Amounts in NOK `000 2021 2022 2023 2024
Planned capital expenditure for existing licences
(Work Program and Budget) 585 427 277 772 218 276 90 494

Note 8. Oil and gas properties, buildings, furniture, fixtures and office machines, right-of-use assets

Note 9. Impairment

Tangible and intangible assets are tested for impairment whenever impairment indicators are identified and at least on an annual basis. Impairment is recognised when the book value of an asset or cash generating unit exceeds the recoverable amount. The recoverable amount is the higher of the asset's fair value less costs to sell and value in use. The recoverable amount is estimated based on discounted future after tax cash flows. The expected future cash flows are discounted to net present value by applying a discount rate after tax that reflects the weighted average cost of capital (WACC).

Technical goodwill arises as an offsetting account to the deferred tax recognised in business combinations and is allocated to each Cash Generating Unit (CGU). When deferred tax from the initial recognition decreases, more goodwill is as such exposed for impairments.
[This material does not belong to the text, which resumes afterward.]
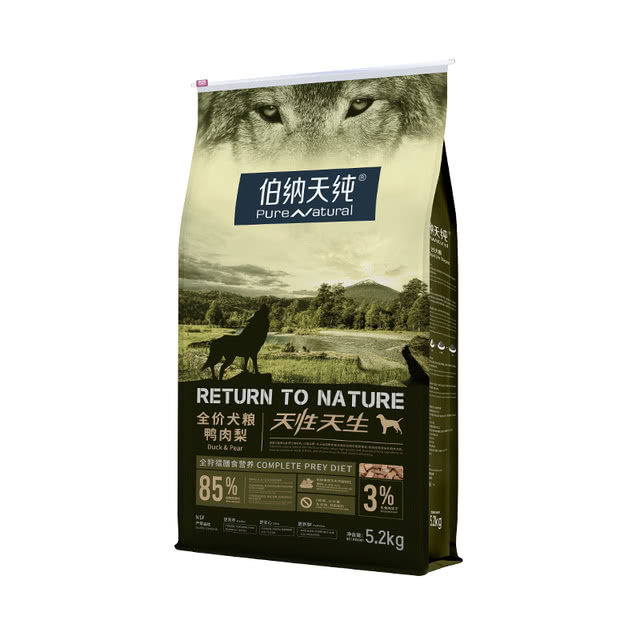 山姆热卖伯纳天纯原始狩猎系列全价犬粮5.2kg大型小型狗粮鸭肉梨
Fair value assessment of the company's right-of-use (ROU) assets portfolio are included in the impairment test.

Below is an overview of the key assumptions applied in the impairment test as of 31 December 2020:

Oil Gas Currency rates
Year USD/boe* GBP/therm* USD/NOK
2021 50.9 0.46 8.55
2022 48.7 0.42 8.57
2023 52.8 0.42 8.42
2024 60.3 0.42 8.16
From 2025 65.0 0.43 8.00

Below is an overview of the key assumptions applied in the impairment test as of 31 December 2019:

Oil Gas Currency rates
Year USD/boe* GBP/therm* USD/NOK
2020 62.5 0.33 8.76
2021 57.3 0.41 8.74
2022 54.5 0.42 8.72
2023 53.0 0.42 8.68
From 2024 65.0 0.47 8.00

* Prices in real terms

Other assumptions

For oil and gas reserves future cash flows are calculated on the basis of expected production profiles and estimated proven and probable remaining reserves.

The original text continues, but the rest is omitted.